_Exercise requirements_.
Write the records out again without change. Leave the pictures behind.

Crawled caption data:
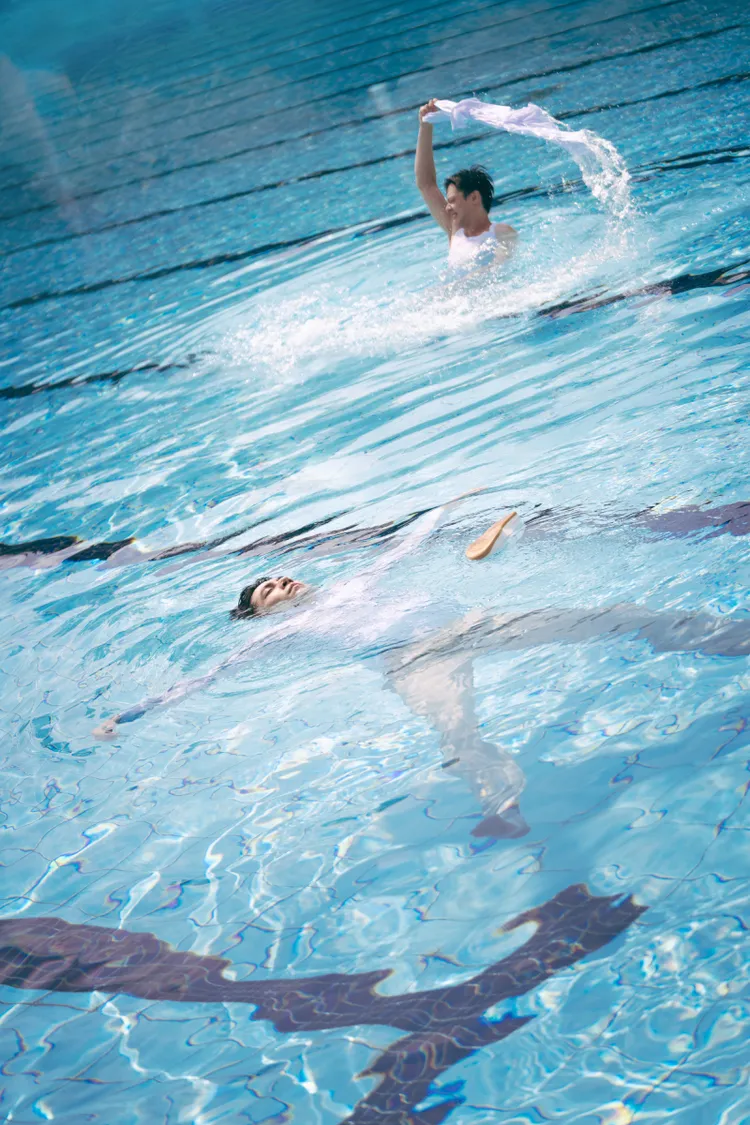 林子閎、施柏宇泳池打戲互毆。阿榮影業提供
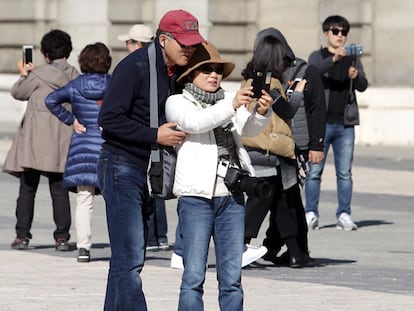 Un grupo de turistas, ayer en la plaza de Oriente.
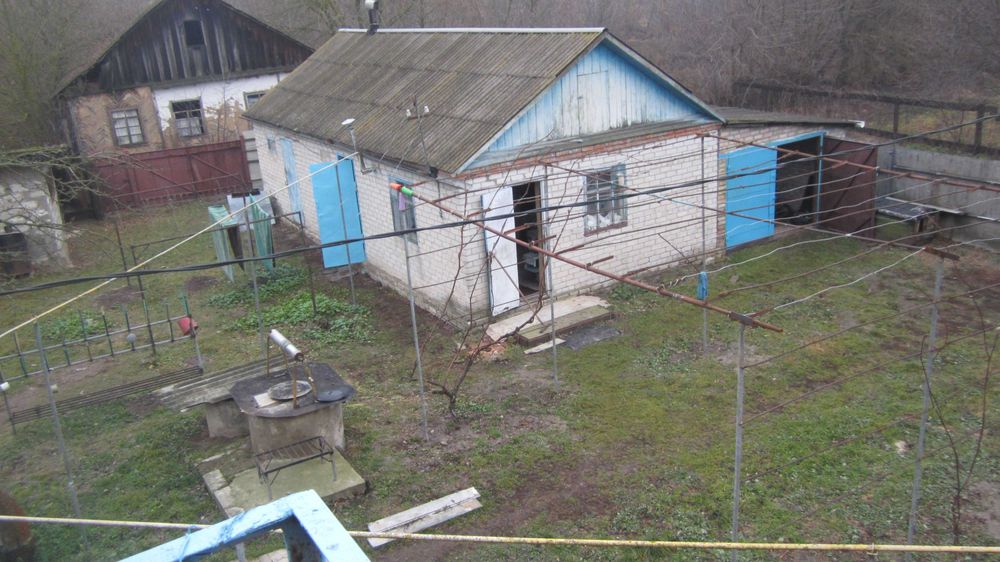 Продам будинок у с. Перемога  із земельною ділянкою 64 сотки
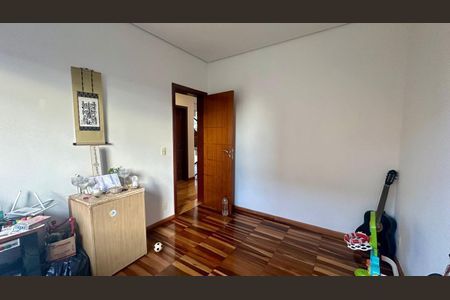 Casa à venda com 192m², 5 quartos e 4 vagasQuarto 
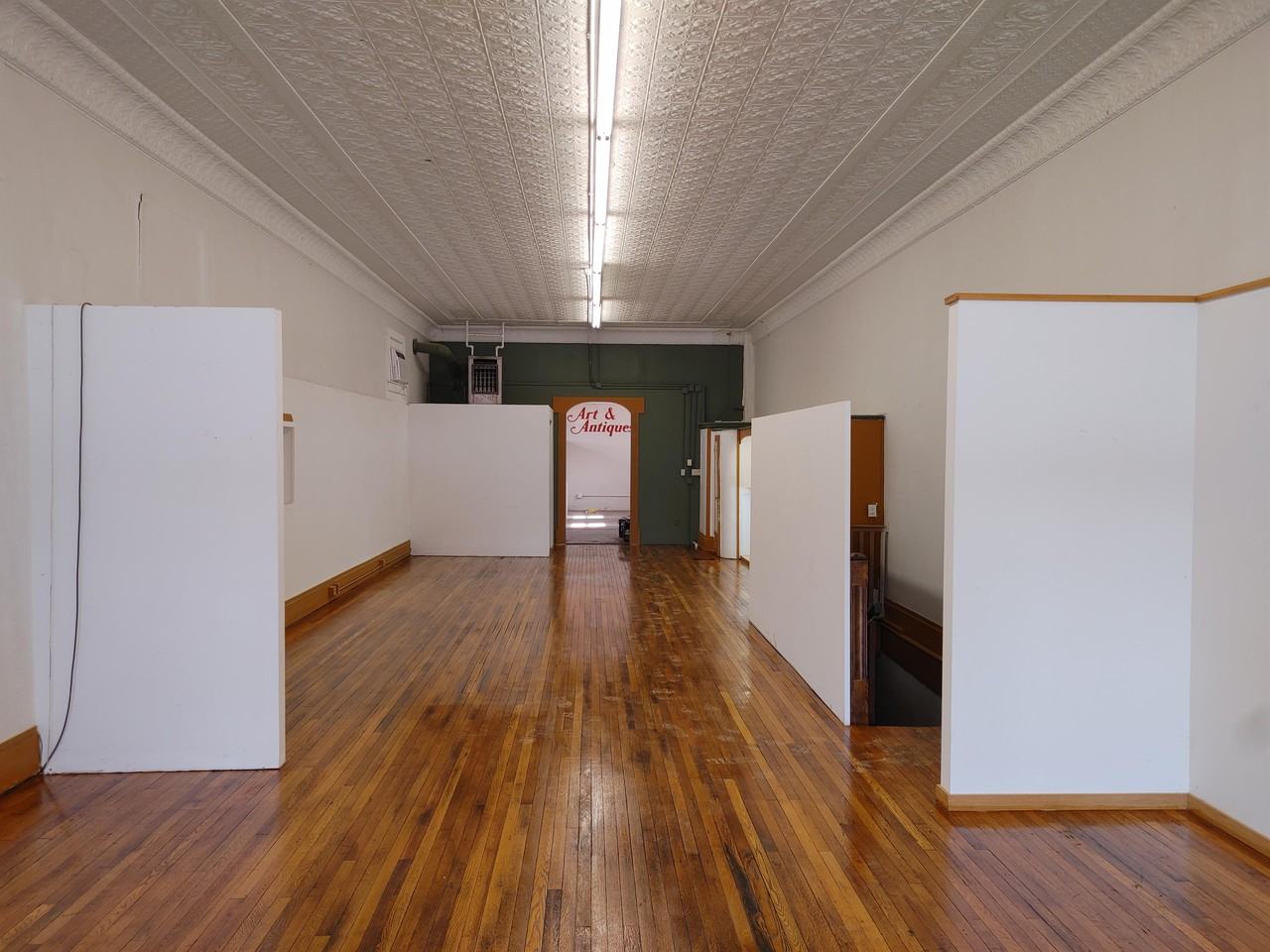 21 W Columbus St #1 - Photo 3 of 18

_Response box_.
 林子閎、施柏宇泳池打戲互毆。阿榮影業提供
 Un grupo de turistas, ayer en la plaza de Oriente.
 Продам будинок у с. Перемога  із земельною ділянкою 64 сотки
 Casa à venda com 192m², 5 quartos e 4 vagasQuarto 
 21 W Columbus St #1 - Photo 3 of 18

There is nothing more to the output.